Transcripts from the Fed's latest meeting, released Wednesday, showed some policymakers are worried that the bank's $85 billion in bond purchases each month, which are designed to boost the sluggish U.S. economic recovery, could eventually unsettle financial markets or cause the central bank to take losses.
European stocks sank in early trading. Britain's FTSE 100 fell 1.4 percent to 6,304.17. Germany's DAX lost 1.4 percent to 7,621.34. France's CAC-40 shed 1.5 percent to 3,654.01.
Wall Street also looked set for losses. Dow Jones industrial futures declined 0.3 percent to 13,847 and S&P 500 futures lost 0.3 percent to 1,502.50.
In Tokyo, the Nikkei 225 fell 1.4 percent to 11,309.13. Hong Kong's Hang Seng tumbled 1.7 percent to 22,906.67. Australia's S&P/ASX 200 fell 2.3 percent to 4,980.10. South Korea's Kospi dropped 0.5 percent to 2,015.22. Benchmarks in Singapore, Taiwan, and New Zealand also fell.
In mainland China, the Shanghai Composite Index plummeted 3 percent to 2,325.95. It was the index's biggest loss in almost 15 months.

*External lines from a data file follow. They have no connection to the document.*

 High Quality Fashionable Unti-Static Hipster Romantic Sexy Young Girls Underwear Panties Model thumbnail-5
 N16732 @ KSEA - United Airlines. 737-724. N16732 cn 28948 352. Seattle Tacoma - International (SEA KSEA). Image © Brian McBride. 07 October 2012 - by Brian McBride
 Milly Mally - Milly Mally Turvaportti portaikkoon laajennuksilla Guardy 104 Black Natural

The smaller Shenzhen Composite Index shed 2 percent to 950.01.
The signs of disagreement at the Fed turned investor sentiment negative, analysts said, throwing into question how long the U.S. central bank's bond buying will last.

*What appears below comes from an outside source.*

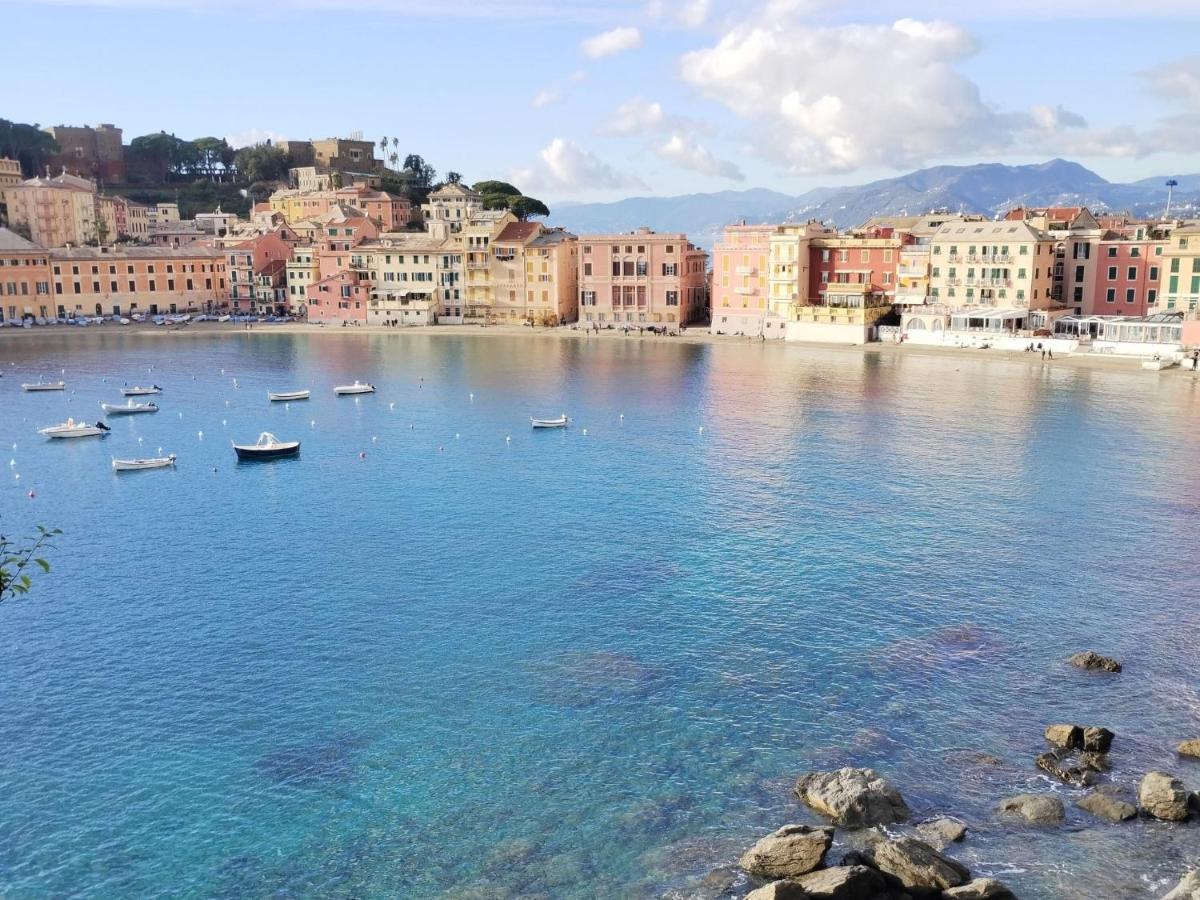 Apartment Brunetta By Interhome Sestri Levante Exteriér fotografie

"The market is feeling pretty skittish, and anything like that is likely to cause some concerns," said Andrew Sullivan, a trader at Kim Eng Securities in Hong Kong. "It's one of the first signals that the Fed's mood is changing from one of being very accommodative with easy money to start thinking about, 'This isn't going to go on forever.' "

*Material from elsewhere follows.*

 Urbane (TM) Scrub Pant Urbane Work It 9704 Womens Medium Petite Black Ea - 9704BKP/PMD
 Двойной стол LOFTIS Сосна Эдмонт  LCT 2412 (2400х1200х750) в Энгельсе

By buying bonds, the Fed drives up their prices and lowers interest rates, which have stayed at record lows. That keeps costs low for mortgages and other types of loans. This approach to monetary policy is known as quantitative easing.
Investors also turned cautious after being disappointed by a dip in U.S. housing starts. The Commerce Department said Wednesday that builders started work at a seasonally adjusted annual rate of 890,000 homes last month. That was down 8.5 percent from December.
Drops in commodities prices led resource stocks lower. Hong Kong-listed Zijin Mining Group, China's largest gold miner, fell 3.3 percent. Jiangxi Copper Co. lost 3.2 percent. BHP Billiton, the Australian-based mining giant, fell 3.8 percent.
Benchmark oil for April delivery was down $1.56 to $93.66 per barrel in electronic trading on the New York Mercantile Exchange. The contract lost $1.88, or 2 percent, to finish at $95.22 on the Nymex on Tuesday.
In currencies, the euro fell to $1.3198 from $1.3281 late Wednesday in New York. The dollar fell to 93.31 yen from 93.81 yen.